* _Aim of the task_
Once you reach the line with "Now, the first" in the material below, copy each line exactly up to and including the line with "However, possibly, you", and skip the pictures.

* _Source data_
*****

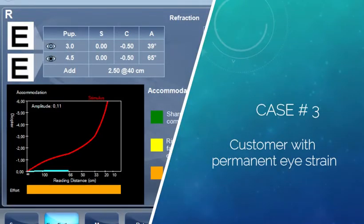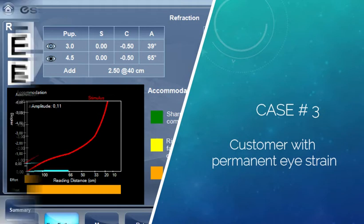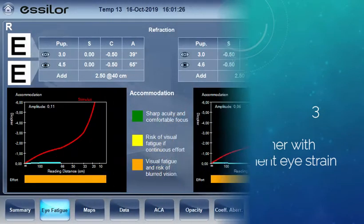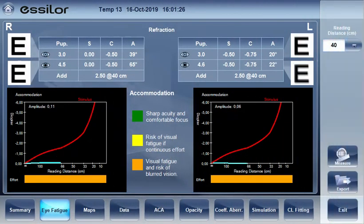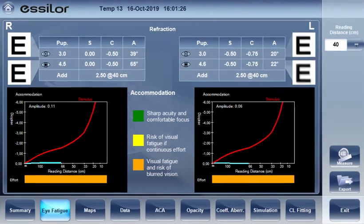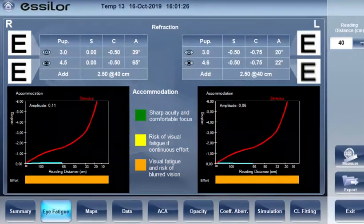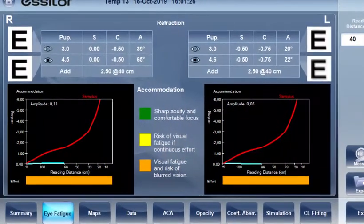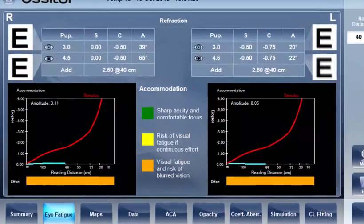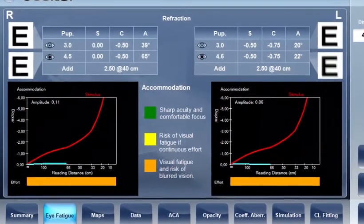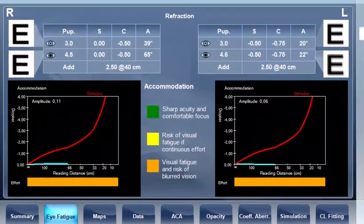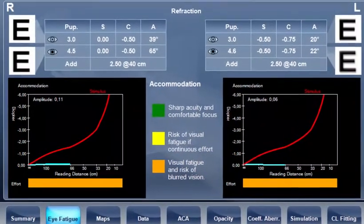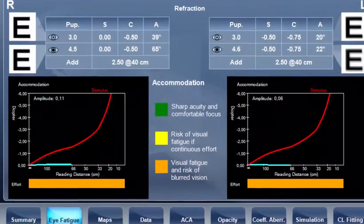Case three: patient with permanent eye strain at every distance. In this case, the whole bar is orange, meaning that the patient has visual strain and risk of blurred vision at every distance. After determining the subjective refraction, this patient may need progressive lenses.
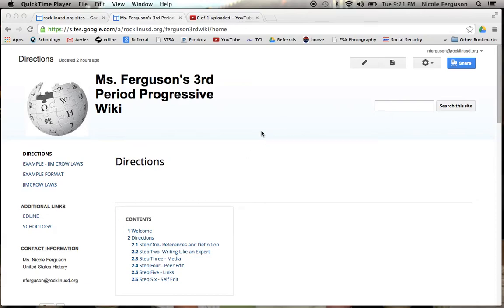Welcome to your progressive wiki. I'm going to give you a tour around here so you know the basics of how to navigate the page, how to create a page, and how to edit a page.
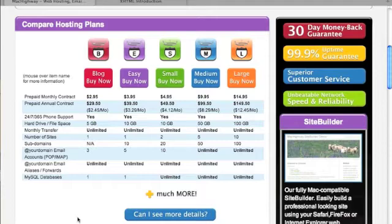The monthly transfer of data would be unlimited. I would be able to have one site, one website. No subdomains under that. Now, that doesn't mean I can't have web pages. That just means I can only use one domain name.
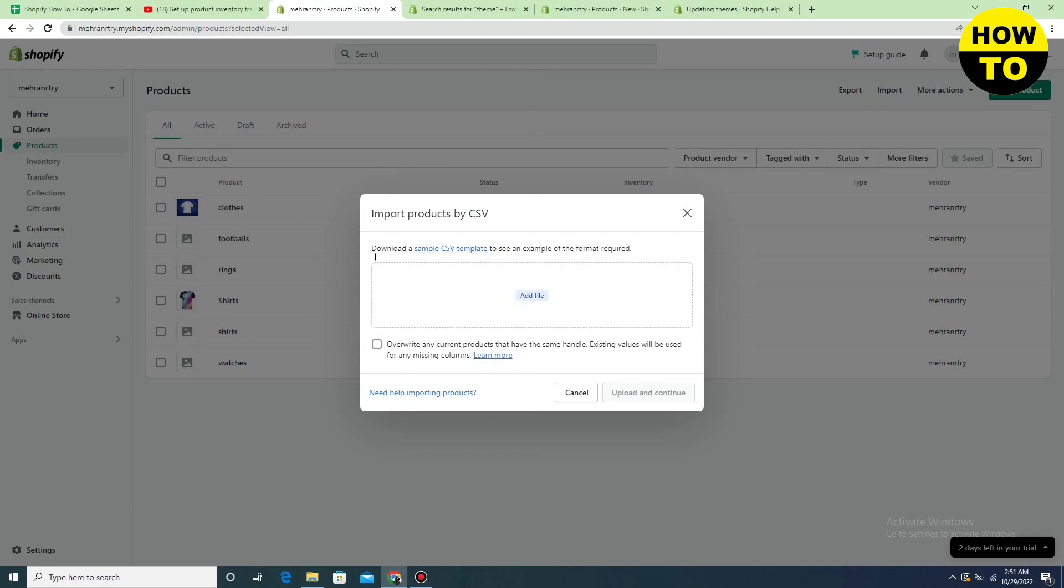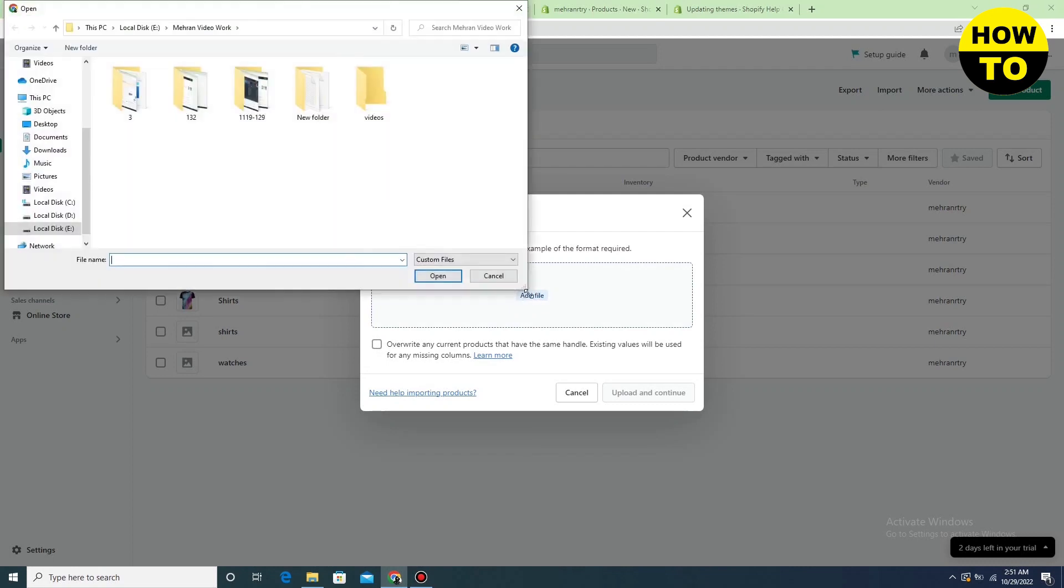Now here you can see you can import or upload products. In order to do this, just understand that you can upload products in CSV format because no other format is supported in Shopify.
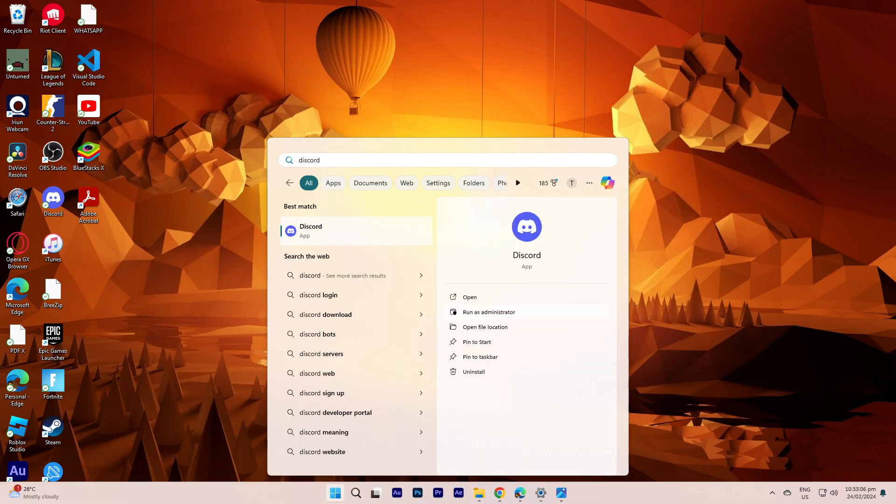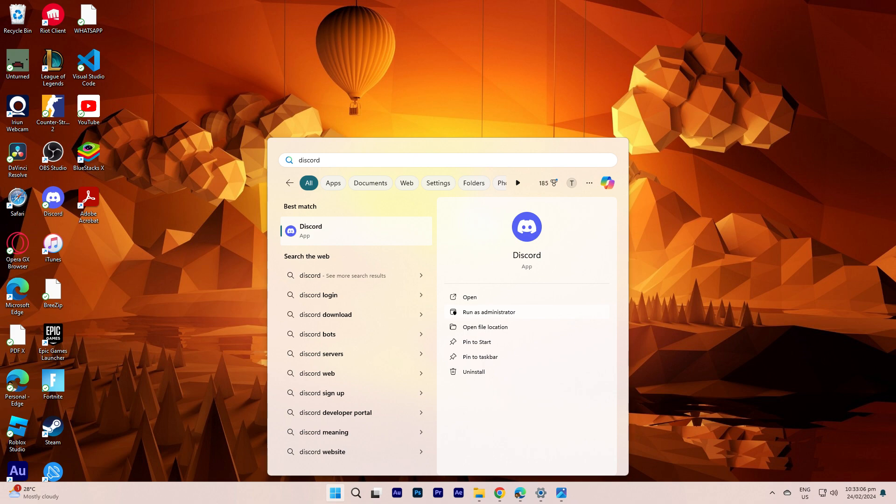Next method: right-click on the Discord shortcut and choose Run as Administrator. This can resolve certain permission-related issues.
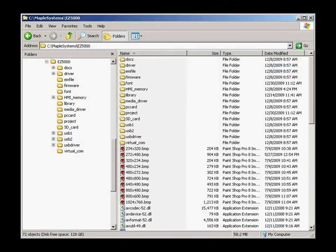The default installation directory is on the root of the C drive in Maple Systems, EZ5000. Here you will find directories containing demo projects, library files, USB drivers, as well as various application files and folders.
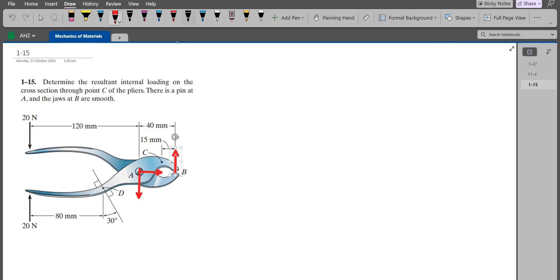Let's label them. This right here is AX, this is AY, and let's call this BY, which is basically the normal reaction due to the compression of the object.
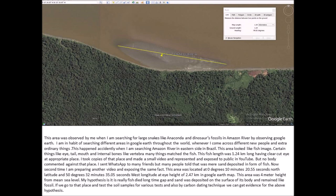This area is 4 meters in height from mean sea level. My hypothesis is that it is a real fish that died a long time ago, and sand was deposited on the surface of its body, remaining like a fossil. If we go to that place and test the soil samples with various tests and also by carbon dating technique, we can get evidence for the above hypothesis.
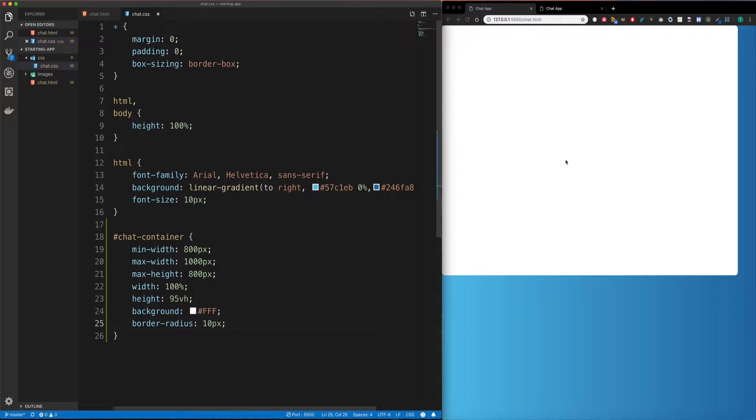Now, the first challenge is to get this into the center of the screen. So this is where I'm going to ask you guys to stop the video, try this yourself, and then come back and I'll show you how we do it in a moment.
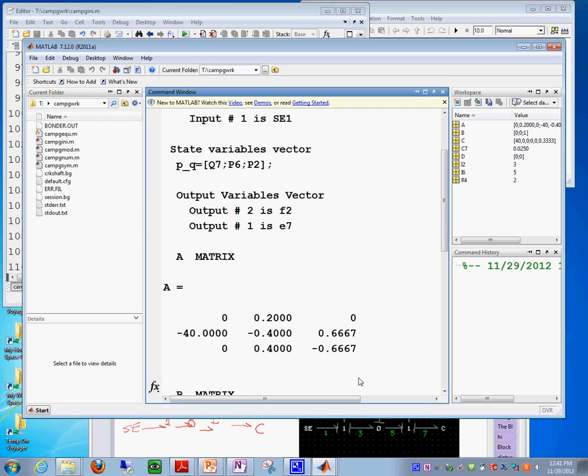Because, by default, that file is made in such a way that if you don't specify the outputs, it automatically gives you the state variables as outputs.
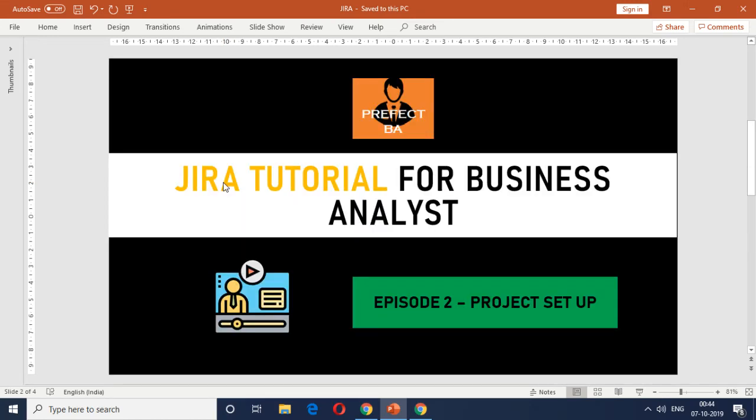Hello there. Welcome to yet another video on the Jira tutorial for business analyst video series. This is episode number two. We're going to talk about the project setup. In episode one, it was more of an overview, and if you're a new BA or anyone getting into...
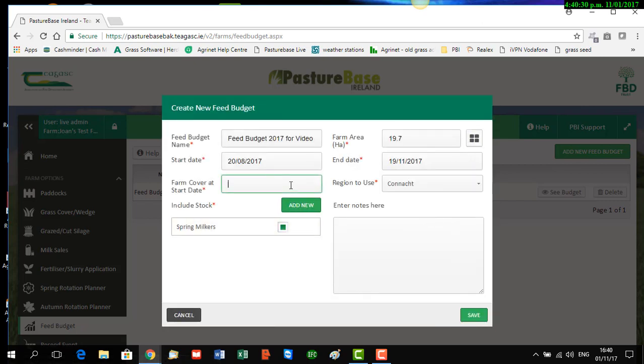Then it asks you about the farm cover at the start date of your plan. If the start date is a future date, enter an estimated starting cover. If it's not a future date, enter the actual cover on that date. We have an actual cover for around that time which is 570 for our sample farm.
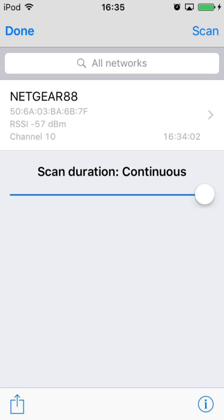One benefit of installing a range extender is that it extends the Wi-Fi on your property for other uses as well.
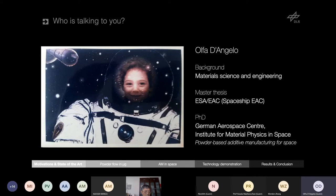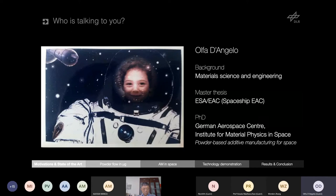Thank you very much. I'm really happy to be talking to you today. My name is Olfa D'Angelo from the Institute of Material Physics in Space, part of DLR. Today we will talk about granular rheology and how I have applied it to 3D printing in space.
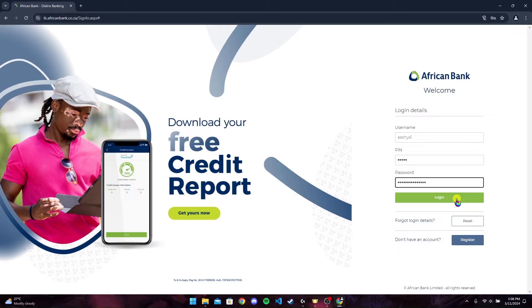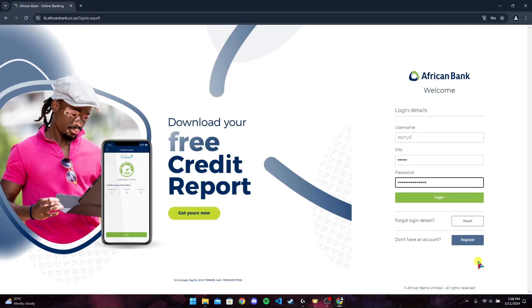Then click on this button to log into your African Bank account. If you have forgotten your details, click on this button. If you do not have an African Bank account, click on this button and follow the instructions to register.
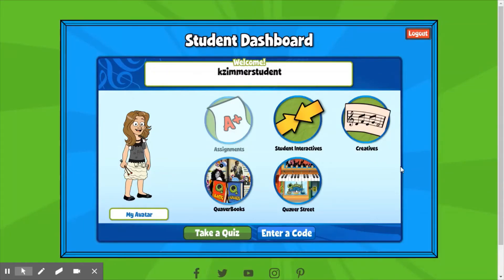This is your student dashboard. You have five different tabs: Assignments, Student Interactives, Creatives, Quaver Books, and Quaver Street. The two tabs that you will use the most are Assignments and Quaver Street.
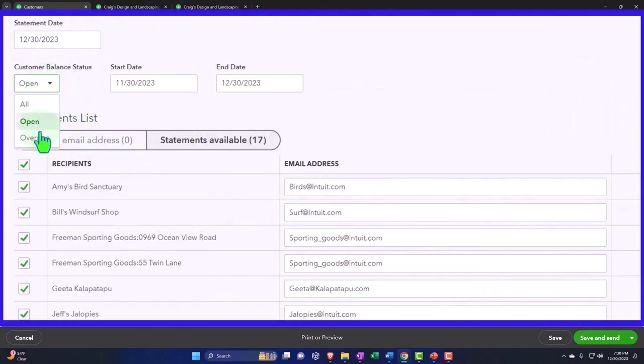However, possibly, you just want to send out statements to the overdue balances. In other words, when you look at an invoice, we...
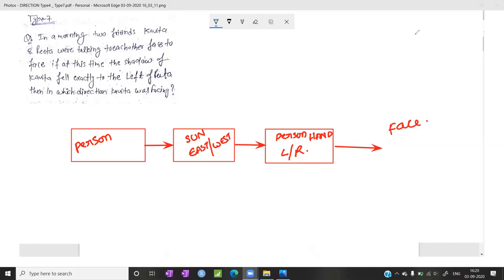Good afternoon. We will discuss the Type 7 question in Directions. For this, you need to have knowledge about the Sun and the shadow — specifically, in which direction the shadow will appear when you are standing towards the Sun. Let me explain. This is East, this is West, this is North, this is South.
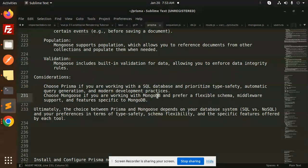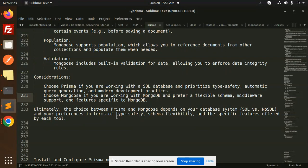Choose Mongoose if you are working with MongoDB and prefer a flexible schema. Ultimately, the choice between Prisma and Mongoose depends on your database type — SQL vs NoSQL — but MongoDB can also be used with Prisma. In the coming series, we are going to work with Prisma using MongoDB, MySQL, and PostgreSQL.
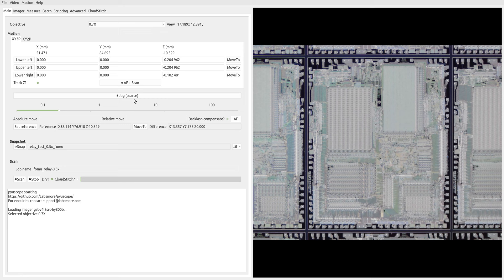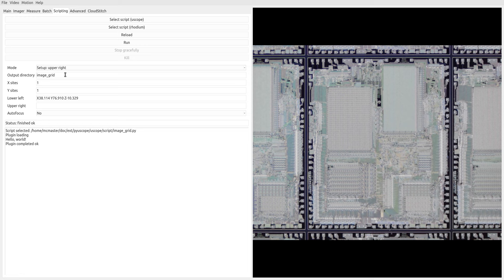and let's go back over to scripting. And now we are on the upper right-hand corner. So I'm going to say run, and now it's updated the upper right-hand corner into our parameter list here.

*****

* _Answer below_
Now, the first challenge is to get this into the center of the screen. So this is where I'm going to ask you guys to stop the video, try this yourself, and then come back and I'll show you how we do it in a moment.
Because, by default, that file is made in such a way that if you don't specify the outputs, it automatically gives you the state variables as outputs.
Hello there. Welcome to yet another video on the Jira tutorial for business analyst video series. This is episode number two. We're going to talk about the project setup. In episode one, it was more of an overview, and if you're a new BA or anyone getting into...
Then it asks you about the farm cover at the start date of your plan. If the start date is a future date, enter an estimated starting cover. If it's not a future date, enter the actual cover on that date. We have an actual cover for around that time which is 570 for our sample farm.
One benefit of installing a range extender is that it extends the Wi-Fi on your property for other uses as well.
Thank you very much. I'm really happy to be talking to you today. My name is Olfa D'Angelo from the Institute of Material Physics in Space, part of DLR. Today we will talk about granular rheology and how I have applied it to 3D printing in space.
Then click on this button to log into your African Bank account. If you have forgotten your details, click on this button. If you do not have an African Bank account, click on this button and follow the instructions to register.
This is your student dashboard. You have five different tabs: Assignments, Student Interactives, Creatives, Quaver Books, and Quaver Street. The two tabs that you will use the most are Assignments and Quaver Street.
However, possibly, you just want to send out statements to the overdue balances. In other words, when you look at an invoice, we...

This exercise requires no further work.